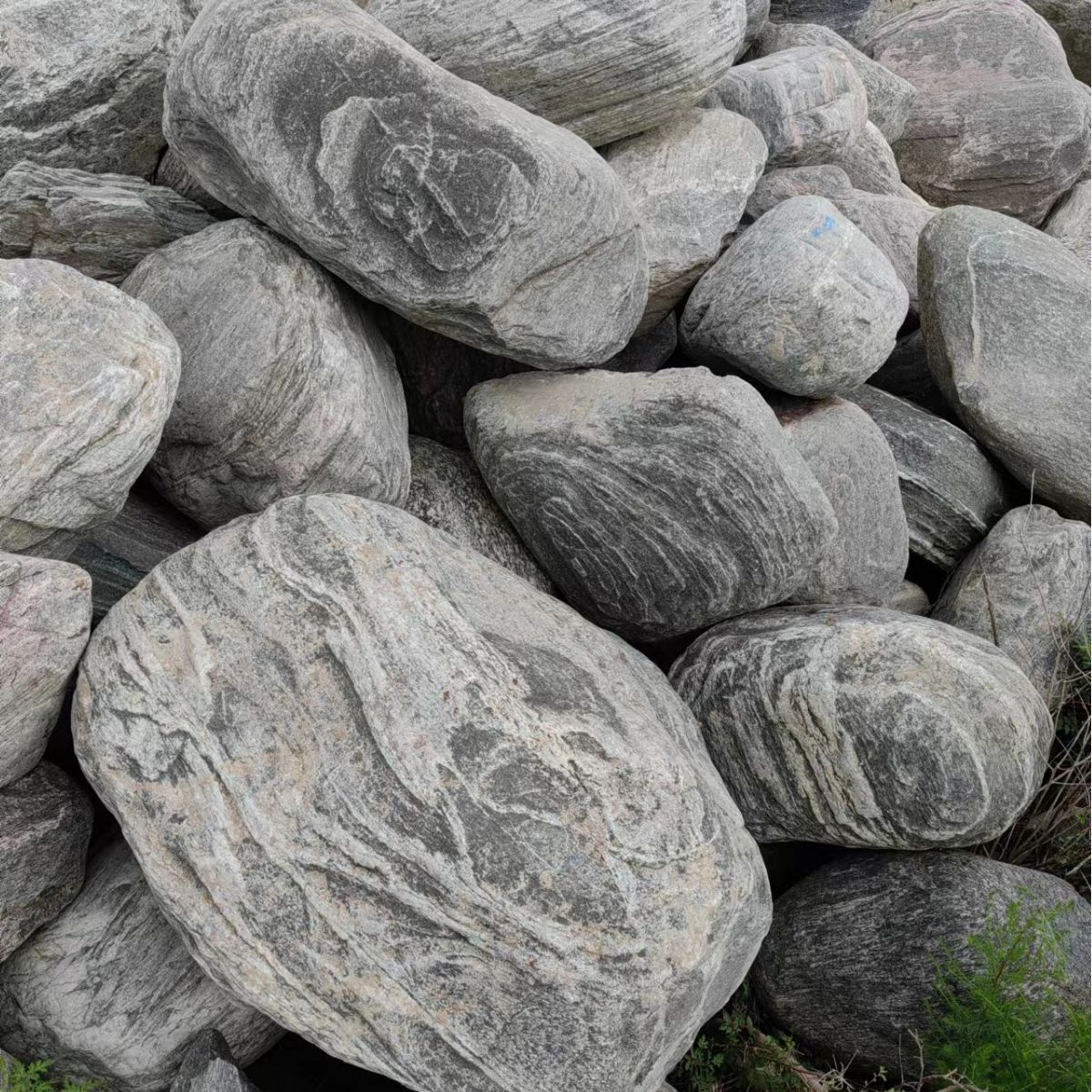 Natural Stone Taishan Stone Snowwave Stone Landscape Stone Large Stone Natural Landscape Stone Outdoor Snowwave Stone
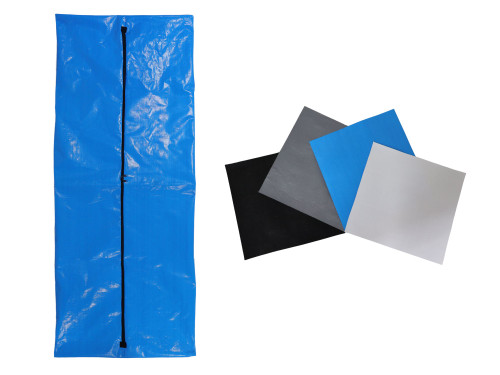 straight zipper chlorine free body bag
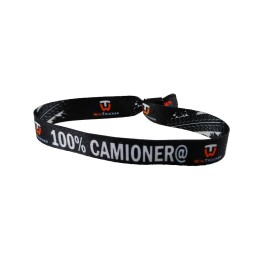 pulseira com mensagem 100% trucker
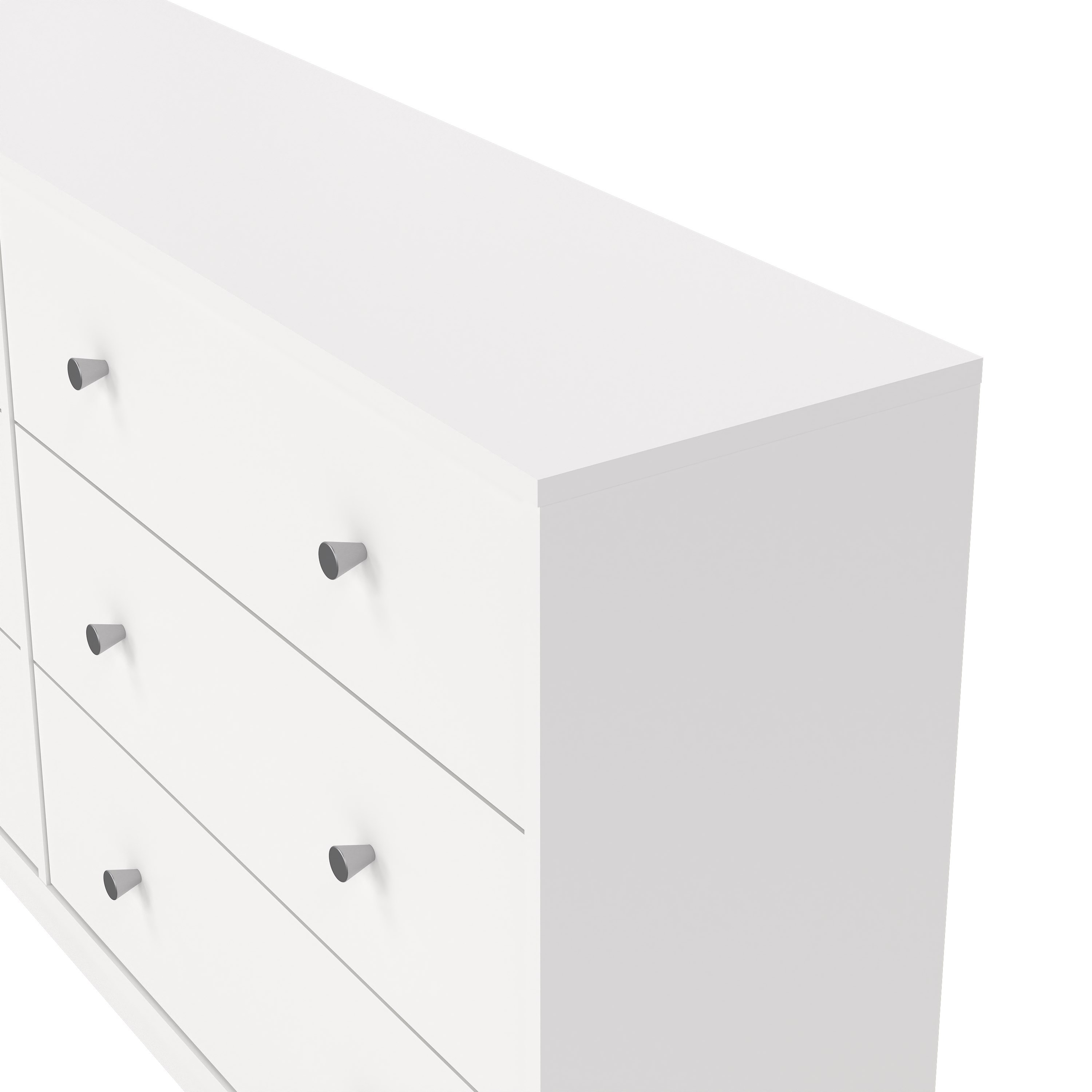 May Chest of 6 Drawers (3+3) in White - Image 6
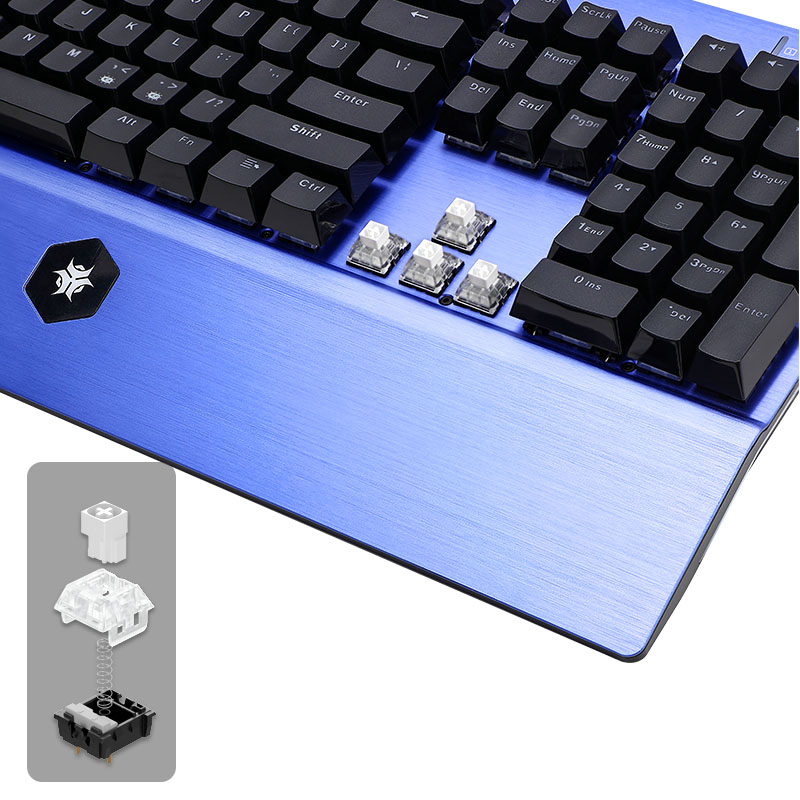 Klawiatura mechaniczna HEXGEAR – Keyboard Gaming Blue Switch recenzja i cena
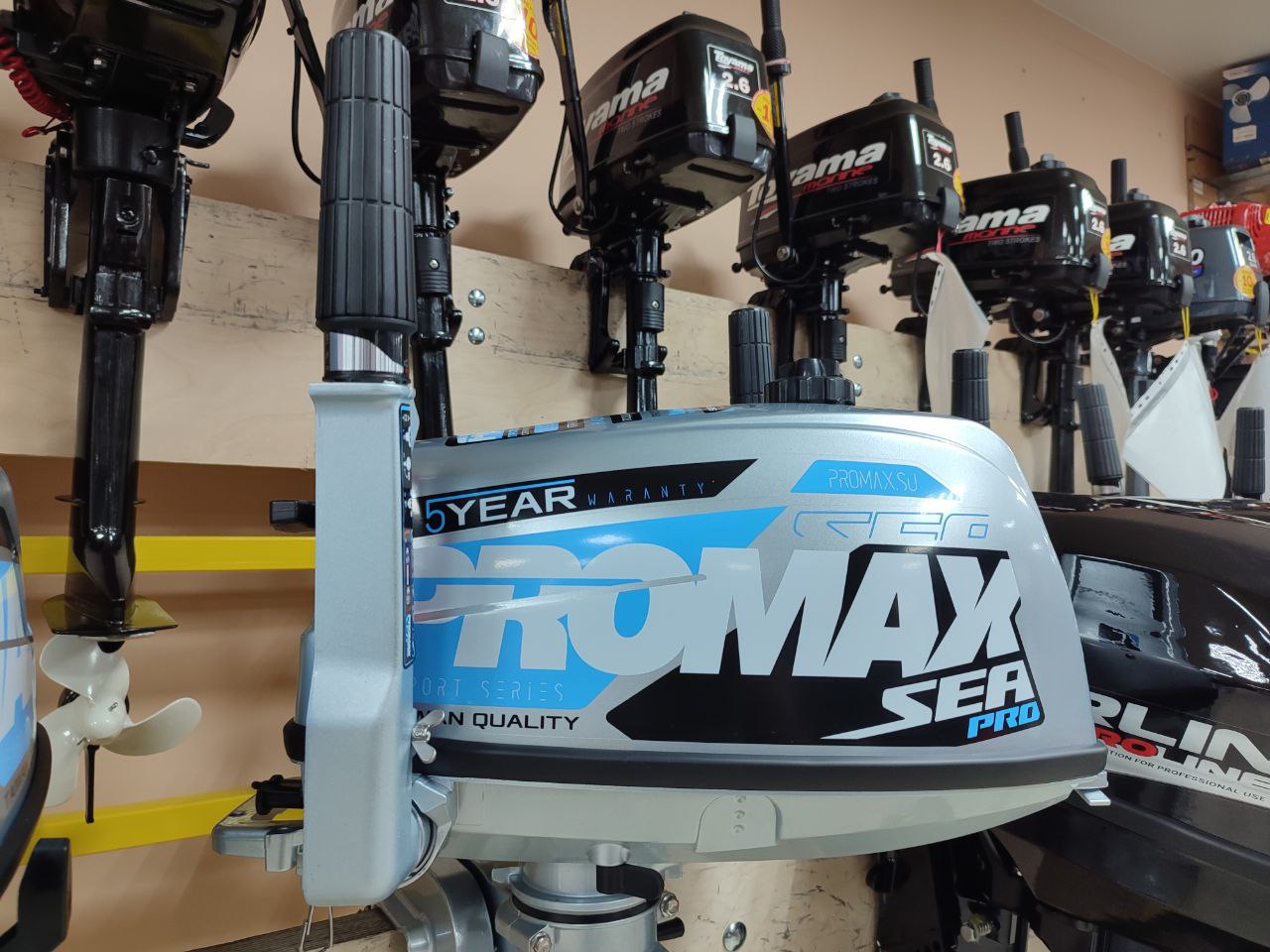 Лодочный мотор PROMAX SP5FHS (внешний бак 12 л) в Балакове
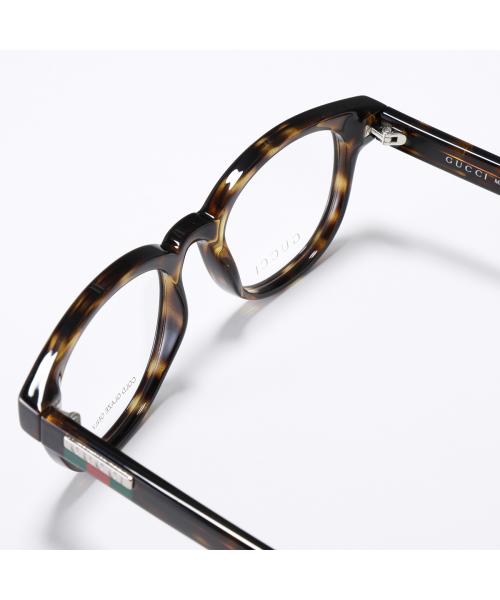 グッチ GUCCI GUCCI メガネ GG0769O ウェリントン型 アイウェア （006/BROWN-TRANSPARENT） 006/BROWN-TRANSPARENT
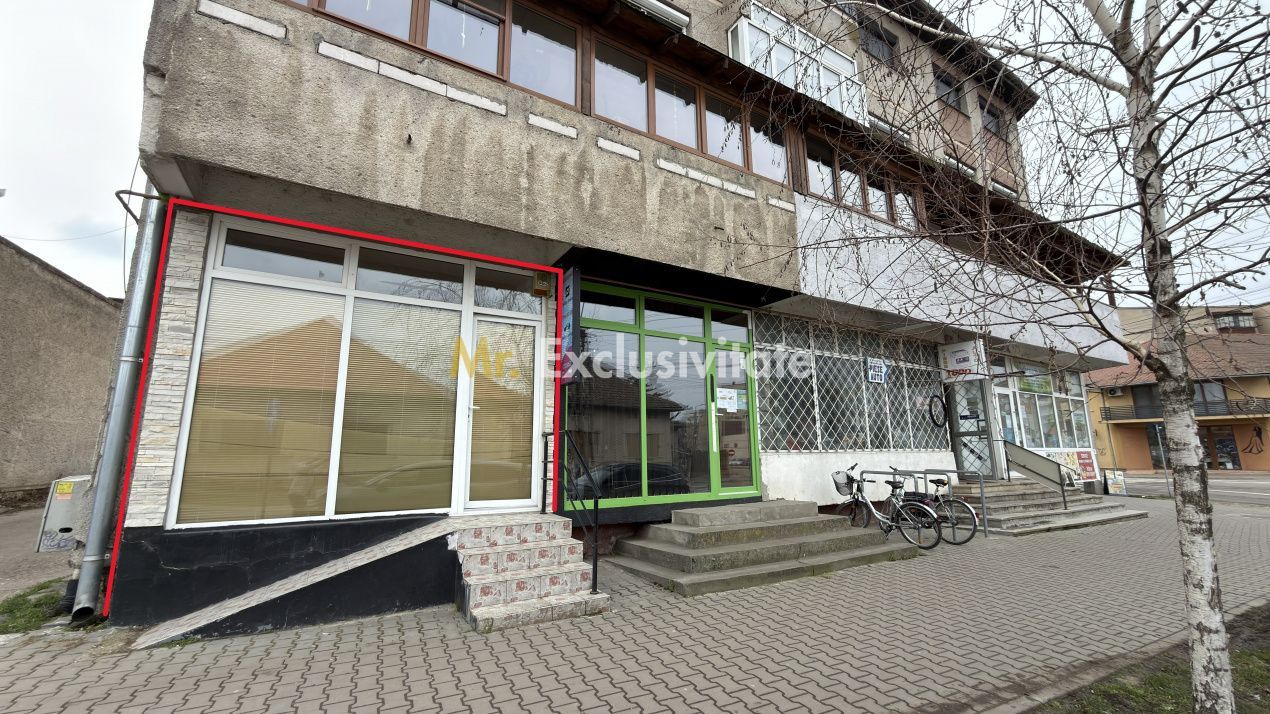 Spațiu Comercial Stradal 30 mp/Trafic Intens Auto și Pietonal/C.A.Române - Carei - Poză 1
_ _ _ _
=== TASK GOAL ===
Transcribe all the material exactly; skip every image.

=== EXERCISE OUTPUT ===
 Natural Stone Taishan Stone Snowwave Stone Landscape Stone Large Stone Natural Landscape Stone Outdoor Snowwave Stone
 straight zipper chlorine free body bag
 pulseira com mensagem 100% trucker
 May Chest of 6 Drawers (3+3) in White - Image 6
 Klawiatura mechaniczna HEXGEAR – Keyboard Gaming Blue Switch recenzja i cena
 Лодочный мотор PROMAX SP5FHS (внешний бак 12 л) в Балакове
 グッチ GUCCI GUCCI メガネ GG0769O ウェリントン型 アイウェア （006/BROWN-TRANSPARENT） 006/BROWN-TRANSPARENT
 Spațiu Comercial Stradal 30 mp/Trafic Intens Auto și Pietonal/C.A.Române - Carei - Poză 1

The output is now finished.